▸ **Records for this task**:
_ _ _

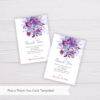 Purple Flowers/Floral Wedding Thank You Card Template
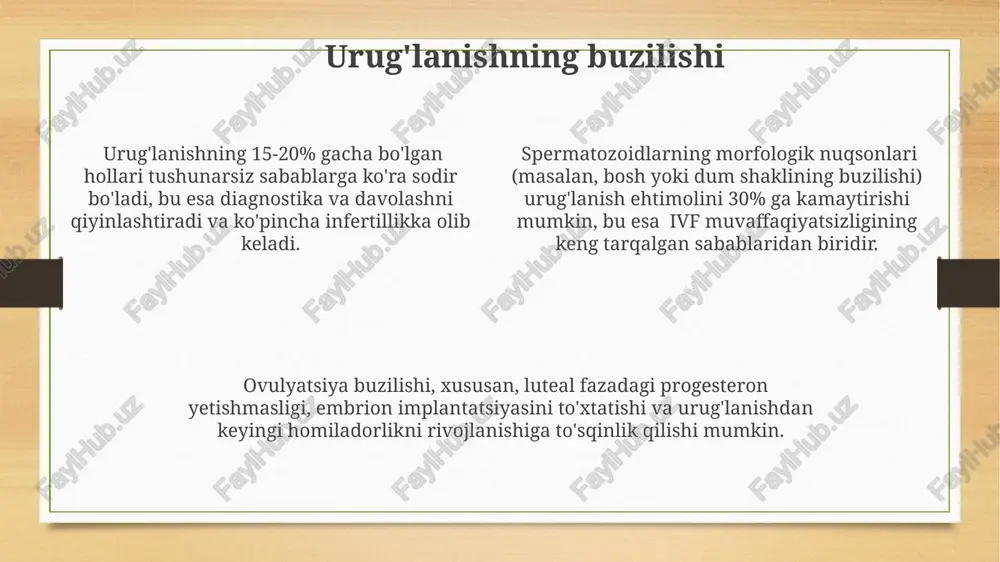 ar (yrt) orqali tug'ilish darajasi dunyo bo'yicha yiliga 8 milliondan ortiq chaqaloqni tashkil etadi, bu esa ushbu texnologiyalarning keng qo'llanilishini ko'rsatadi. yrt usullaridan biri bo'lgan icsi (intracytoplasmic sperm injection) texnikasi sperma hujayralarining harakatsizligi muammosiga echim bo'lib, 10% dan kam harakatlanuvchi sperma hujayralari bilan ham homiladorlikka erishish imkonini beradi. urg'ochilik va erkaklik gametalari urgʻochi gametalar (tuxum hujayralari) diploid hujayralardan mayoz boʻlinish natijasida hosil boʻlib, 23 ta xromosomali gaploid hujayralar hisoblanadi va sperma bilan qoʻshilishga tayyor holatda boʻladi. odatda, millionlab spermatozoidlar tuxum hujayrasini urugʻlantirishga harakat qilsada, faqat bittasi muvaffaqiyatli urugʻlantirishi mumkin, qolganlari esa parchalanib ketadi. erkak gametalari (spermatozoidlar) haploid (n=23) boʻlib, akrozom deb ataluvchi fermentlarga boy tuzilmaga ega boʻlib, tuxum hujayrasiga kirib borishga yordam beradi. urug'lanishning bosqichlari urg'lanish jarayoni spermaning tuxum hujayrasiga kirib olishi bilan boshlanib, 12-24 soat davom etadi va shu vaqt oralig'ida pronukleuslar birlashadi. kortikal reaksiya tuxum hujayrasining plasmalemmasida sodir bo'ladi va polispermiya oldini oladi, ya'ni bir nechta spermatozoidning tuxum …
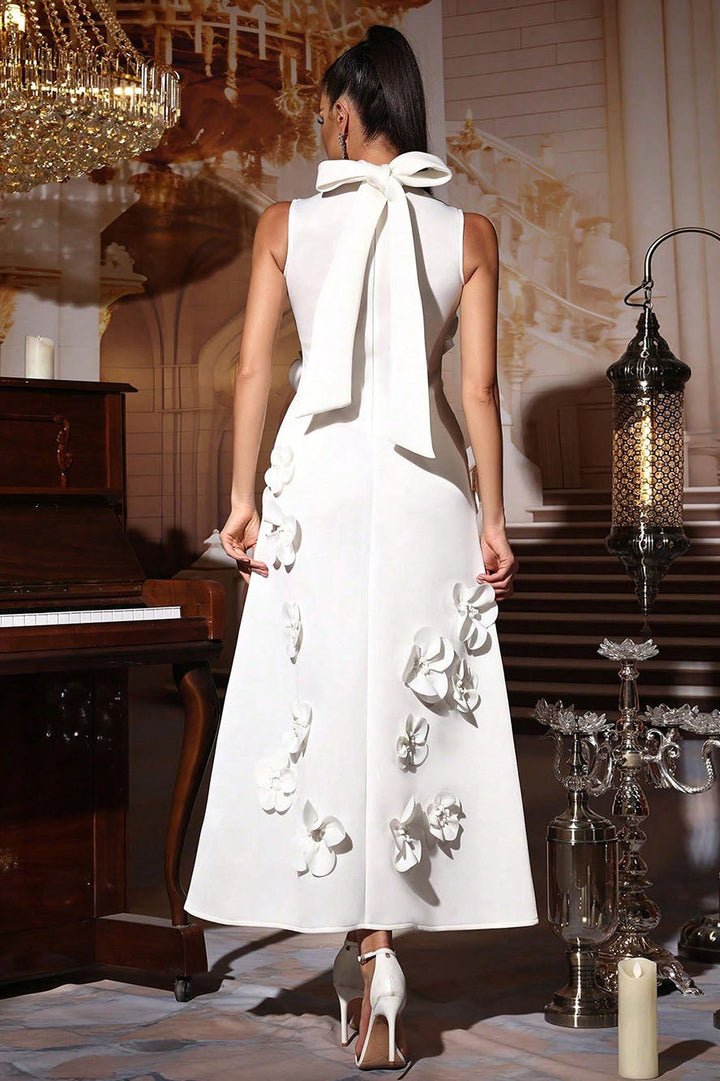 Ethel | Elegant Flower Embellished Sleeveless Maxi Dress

_ _ _

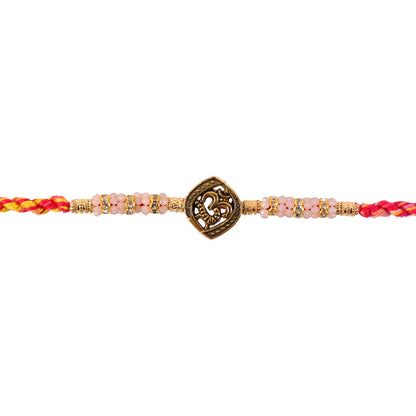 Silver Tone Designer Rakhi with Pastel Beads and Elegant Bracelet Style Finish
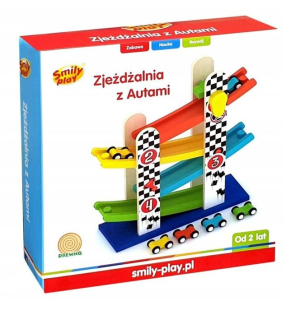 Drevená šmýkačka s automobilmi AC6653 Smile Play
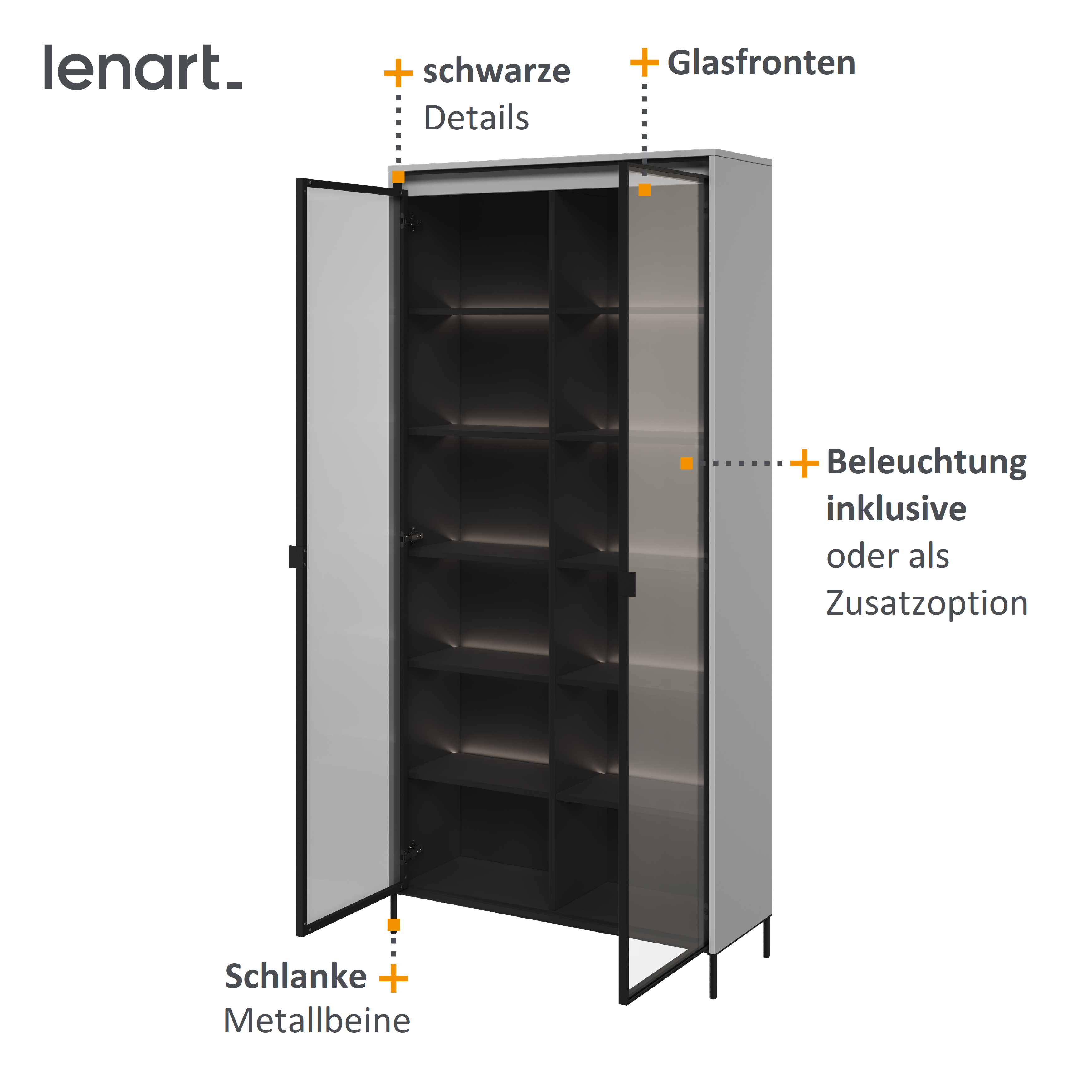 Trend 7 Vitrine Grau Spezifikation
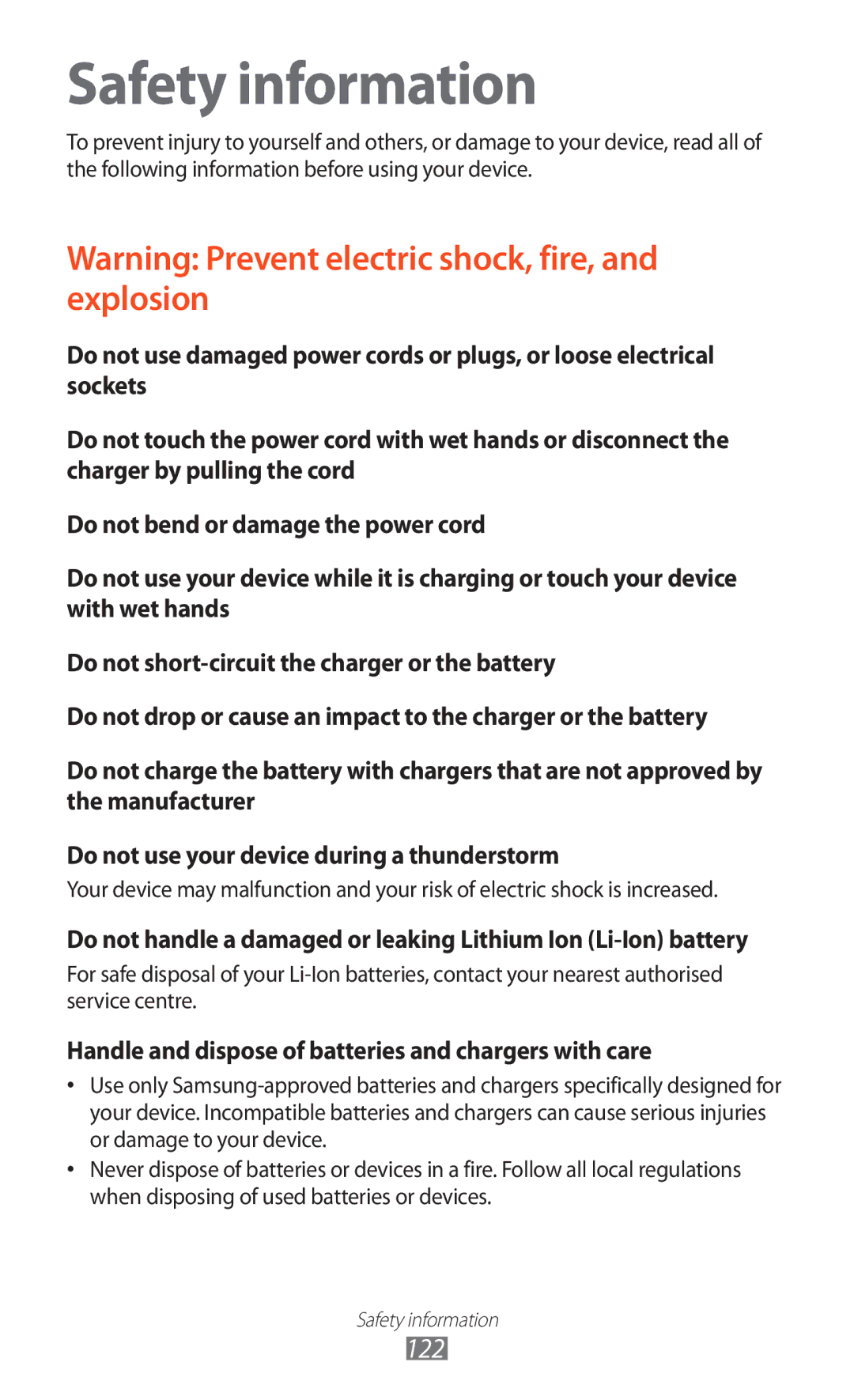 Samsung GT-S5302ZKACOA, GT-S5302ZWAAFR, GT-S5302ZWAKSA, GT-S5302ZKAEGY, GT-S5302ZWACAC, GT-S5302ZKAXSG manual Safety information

_ _ _

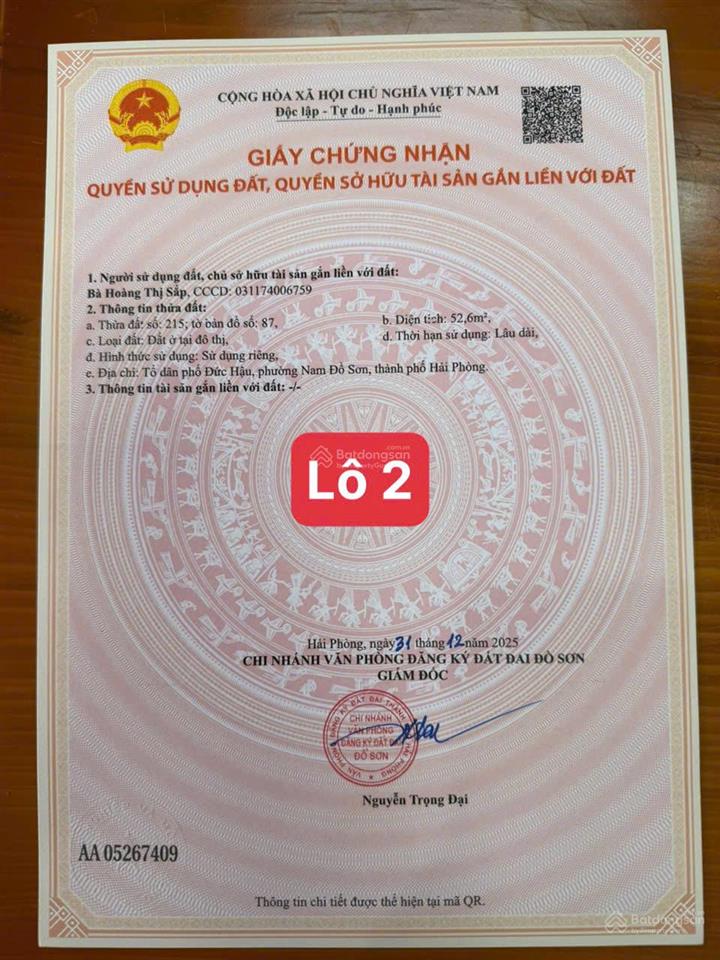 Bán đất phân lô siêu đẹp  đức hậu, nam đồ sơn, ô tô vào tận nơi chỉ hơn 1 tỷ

_ _ _

▸ **Action item**: Skipping the pictures, print the lines in the listing above exactly as written, starting at the line with "Silver Tone Designer" and ending at the line with "manual Safety information", both included.

▸ **Your response**:
 Silver Tone Designer Rakhi with Pastel Beads and Elegant Bracelet Style Finish
 Drevená šmýkačka s automobilmi AC6653 Smile Play
 Trend 7 Vitrine Grau Spezifikation
 Samsung GT-S5302ZKACOA, GT-S5302ZWAAFR, GT-S5302ZWAKSA, GT-S5302ZKAEGY, GT-S5302ZWACAC, GT-S5302ZKAXSG manual Safety information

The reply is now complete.